For some people, independence means relief from the geographical constraints of the academic job market, the fact that you basically have to go wherever the job is. This can be particularly hard for those two-academic households, where people are often faced with a choice: either one of you sacrifices your career, or you wind up living in a different city from your partner for much of the year. Of course, there are other things that can constrain a person’s job search. Maybe you need to live within an hour of your home town to look after an ailing parent. Maybe there are only a couple of places where you can live and be close to a religious or ethnic community that is really important to you.

For many people, the problem with academia is the lifestyle: the long hours, the stress, the travel. This is where the idea of “fractional scholarship” that Sam Arbesman and I have been pushing comes in. We believe that the people who would like spend ten, twenty, or thirty hours a week doing scholarly research number in the tens of thousands. Some of these would-be fractional scholars have full-time non-academic jobs that limit their hours. Some simply want to be able to pick up their kids from school every day.

For example, I was recently speaking with a woman whom I know from college. She got her PhD in Physics, and then took time off to have four kids. Now, ten years later, she would like to get involved with research again. It would be a real challenge for her to re-enter the academic job market with that ten-year gap. But, even more, she has no desire to jump back into a seventy-hour-a-week career. What she wants is to be able to use her expertise in and passion for science to do meaningful research, and to get paid to do it, but still to be able to go to all of her kids’ soccer games.

When you’ve got someone with this much intelligence, education, and talent, living in a country this wealthy, it would be ridiculous if we could not find a way to make that work.

The question that people seem to ask most is, “where is the money going to come from?” The answer to this question is actually pretty simple. It’s the same place that money always comes from for research: a combination of grants from federal agencies (NSF, NIH, etc.), private foundations, and individual donors. We will be working with independent scholars to identify, secure, and manage grants for specific research projects, just as university departments do for their faculty. In addition, we will be helping some of our scholars to partner with other researchers, agencies, or even companies to take on consulting jobs or subcontracts that can make use of their expertise and supplement their incomes.

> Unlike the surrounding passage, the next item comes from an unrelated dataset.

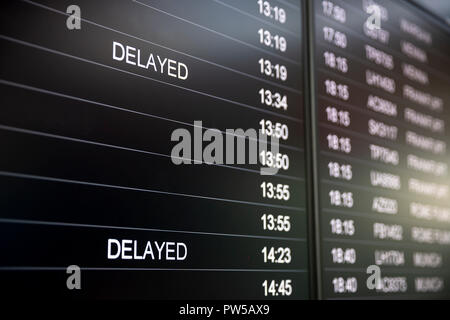 L'heure d'embarquement écrans de moniteur - calendrier conseils. Arrivées et départs Moniteurs pour vérifier le statut d'un vol sur l'aéroport. Retard de l'inscription. Banque D'Images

And, of course, the extent to which our independent scholars need money varies from case to case. Some people are in the fortunate position of having a partner with a more traditional job (academic or not) that pays most of the bills. What those people need is mainly legitimacy and community, and maybe money to pay for conference travel and publication costs, so that their academic habit is at least financially neutral in their household. Some people really need to find salary support to make ends meet, even if it is only part time.

We start from the premise that if you have the skills, passion, and training to do meaningful academic research, you should not be precluded from doing it by the arbitrary constraints of the traditional system. Then, of course, there’s the fact that there is nothing that can stop us from reinventing academia when we’re working together. The rest, as they will say in the future, is history.